Knesset Approves Lifting Requirement to Quarantine in Hotel


Police set up temporary roadblocks at the Gilo junction, outside Yerushalayim, as Israel enters its third nationwide lockdown, in an effort to prevent the spread of the coronavirus, on Sunday. (Nati Shohat/Flash90)

The Constitution, Law and Justice Committee, chaired by MK Rabbi Yaakov Asher (United Torah Judaism), approved on Wednesday the cancellation of the directive requiring all Israelis returning from abroad to be quarantined in state-run coronavirus hotels. The committee also extended by 60 days the national state of emergency declared due to the outbreak of the pandemic.

In a vote of 8-3, the committee ruled that anyone arriving from abroad will be permitted to quarantine at home, or at another location where they can self-isolate. Travelers will be required to take a coronavirus test immediately upon arrival back in Israel, and take another test nine days after their return. They will also be required to arrive at the testing site to take the second test by means other than public transportation. If Israelis do not have a suitable place to isolate, they can still quarantine at a hotel.

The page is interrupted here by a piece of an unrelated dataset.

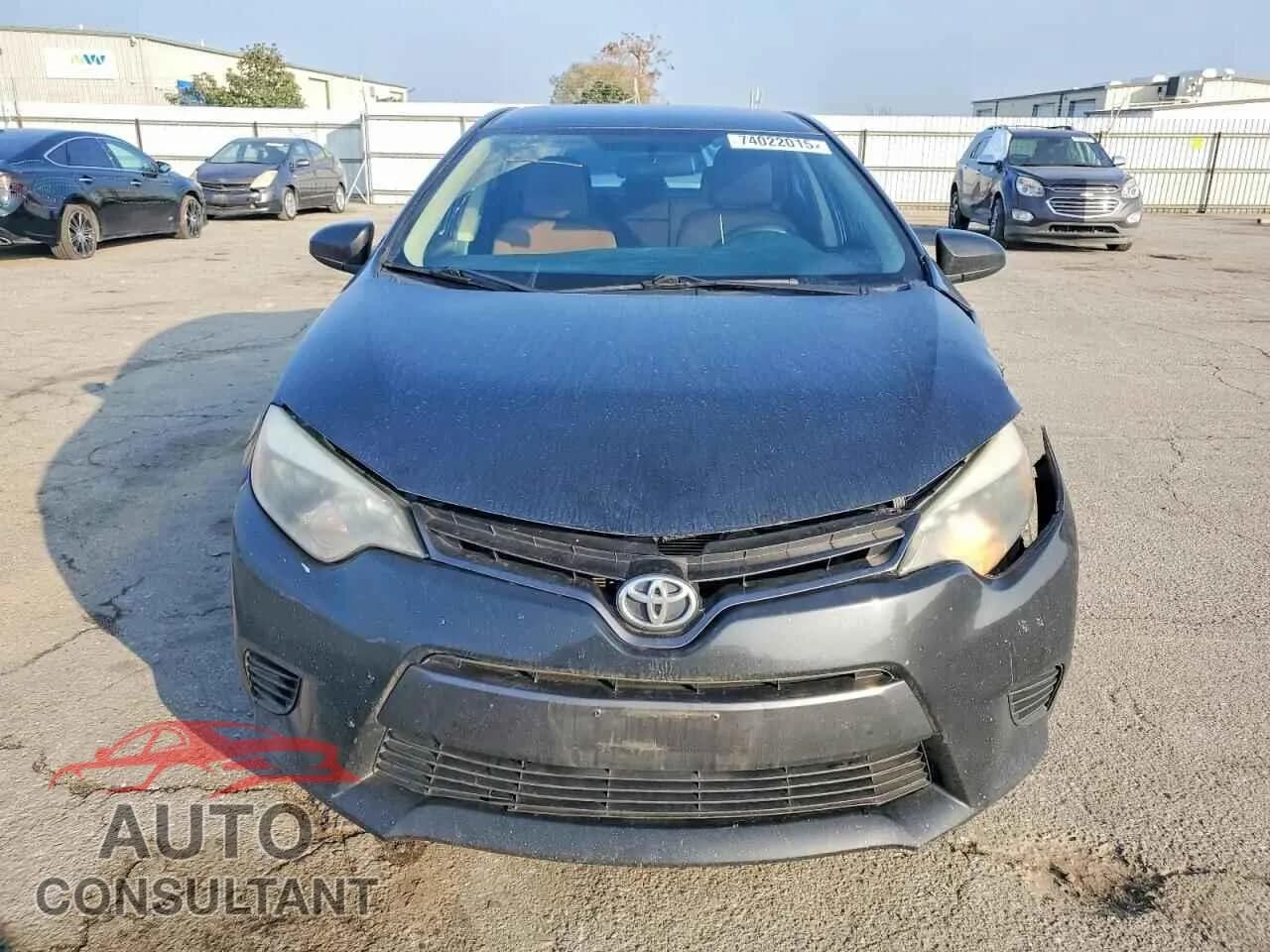 2015 TOYOTA COROLLA Damaged VIN 5YFBURHE7FP317225 – interior seats 2015 TOYOTA COROLLA Damaged VIN 5YFBURHE7FP317225 – interior seats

Dr. Sharon Alroy-Preis, head of Public Health Services in the Ministry of Health, told the committee that the Health Ministry was investigating an incident in which 14 people on the same airplane from Dubai to Israel tested positive for corona.

She noted that only 3% of those people who are infected with the virus test positive at the airport, hence the need to isolate and take a second test.

According to Dr. Alroy-Preis, between 60% and 70% of returnees failed to observe home quarantine, which is why the coronavirus cabinet put in place the order that all Israelis returning must quarantine in government-run hotels earlier this month.

The measure was also introduced due to fears over the spread of an especially infectious mutation of the coronavirus that has been especially prevalent in a number of countries, mainly the United Kingdom. Dr. Alroy-Preis said she expects that later this week Pfizer will provide answers as to the vaccine’s effectiveness against the mutation.

Dr. Alroy-Preis explained the need to extend the state of emergency by 60 days, after some committee members demanded a shortened extension in light of the vaccination drive. “So far we have vaccinated 30% of the at-risk population with the first dose, and we will not be able to vaccinate the at-risk population with the second dose within 60 days,” she explained.

“In addition, a third of the population in Israel will not be able to get vaccinated because they are children, and there will be people who will not want to get vaccinated, so in the next 60 days we will still be in a state of emergency during a global pandemic.”